Donald Trump is saying he will nominate his new soulmate, Elon Musk, to lead a government efficiency commission if the former president is elected in November.
I’m sure the Silicon Valley contingent is happy with the news as well as Wall Street and Twitter fans of Musk, who has become a leading right-wing voice on the online platform he renamed X. Hold off on throwing any MAGA caps in the air, though.
The announcement demonstrates something more sinister: Both men excel at floating attention-grabbing stories in the media to distract the public from other more serious problems they would rather not discuss.
Trump’s troubles involve the burden of deflecting attention from the wobbly footings of his White House campaign. He’s now the old guy in the race, pining for the days he was running against Joe Biden. The last thing he wants is for anyone to focus on the same signs of cognitive decline that drove Biden to drop out and endorse Kamala Harris, his Vice President and the younger candidate in the race.
Trump has had problems with signs of aging in this campaign -- the rambling speeches, getting the names of foreign leaders wrong, and various other lapses.
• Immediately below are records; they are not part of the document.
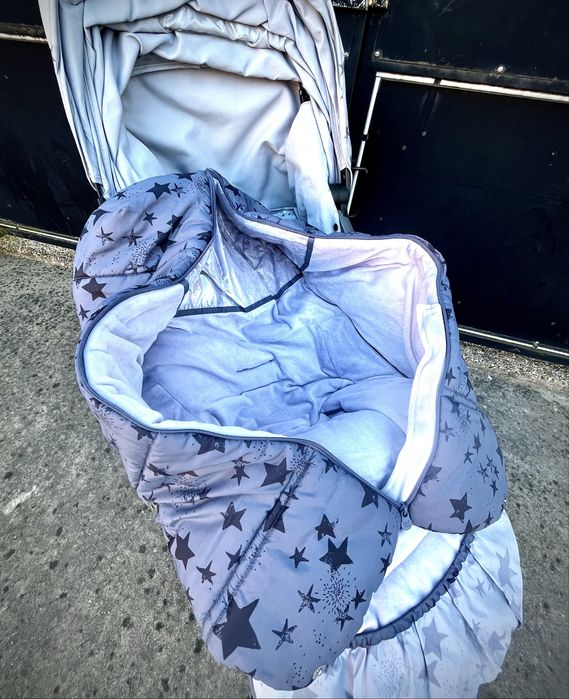 Carrinho passeio Tuc Tuc modelo "Tive" + Saco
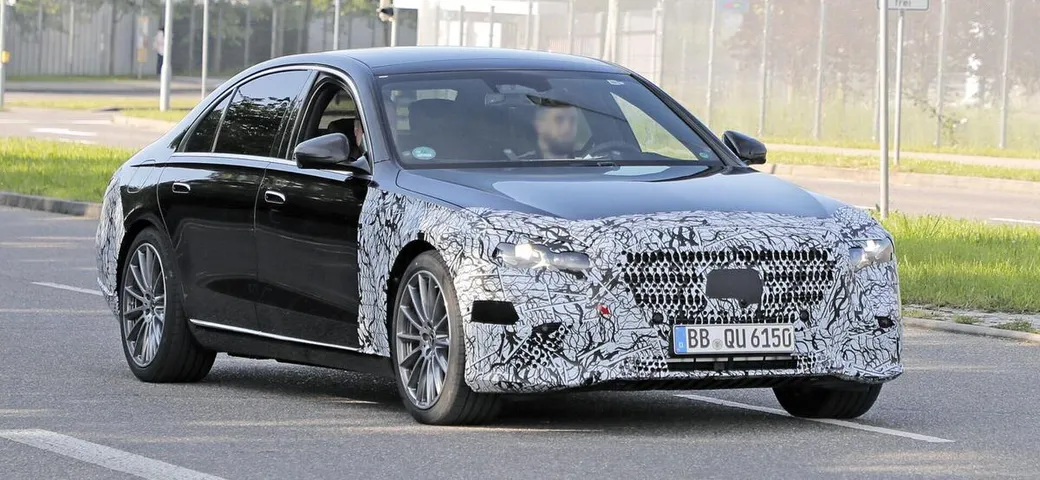 Mercedes-Maybach Classe S, la grande ammiraglia non rinuncia al V12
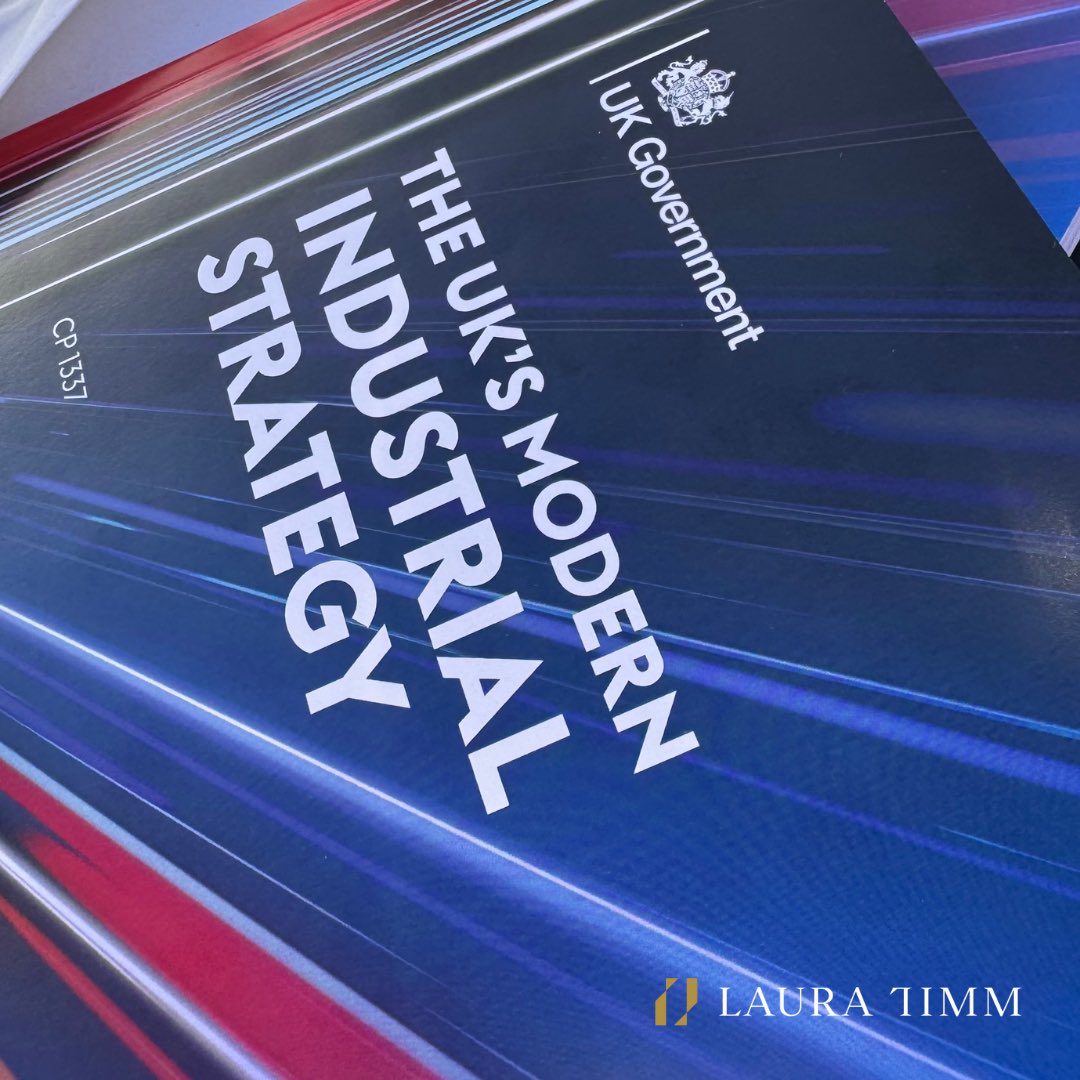 TheLauraTimm's tweet photo. The UK’s new Industrial Strategy has launched, 10-year vision to boost economic, housing &amp; social infrastructure.
A pivotal moment for #SMEs, #EntrepreneurshipUK &amp; regional growth. Especially vital for #LondonBusiness &amp; beyond. 👏 Thanks to @jreynoldsMP &amp; @biztradegovuk 
#FSB #UK https://t.co/cvaAjENZcP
Biden’s more severe signs of cognitive decline overshadowed Trump’s equally problematic lapses, though. Just as important is the media’s tendency to launder Trump’s rambling remarks by translating them into language that seems rational and coherent for its audience. Correcting grammar and making policies readable is the media’s job. That’s understandable. But news organizations duck their responsibilities when they ignore language and habits that could signal deeper troubles for the oldest candidate in the race.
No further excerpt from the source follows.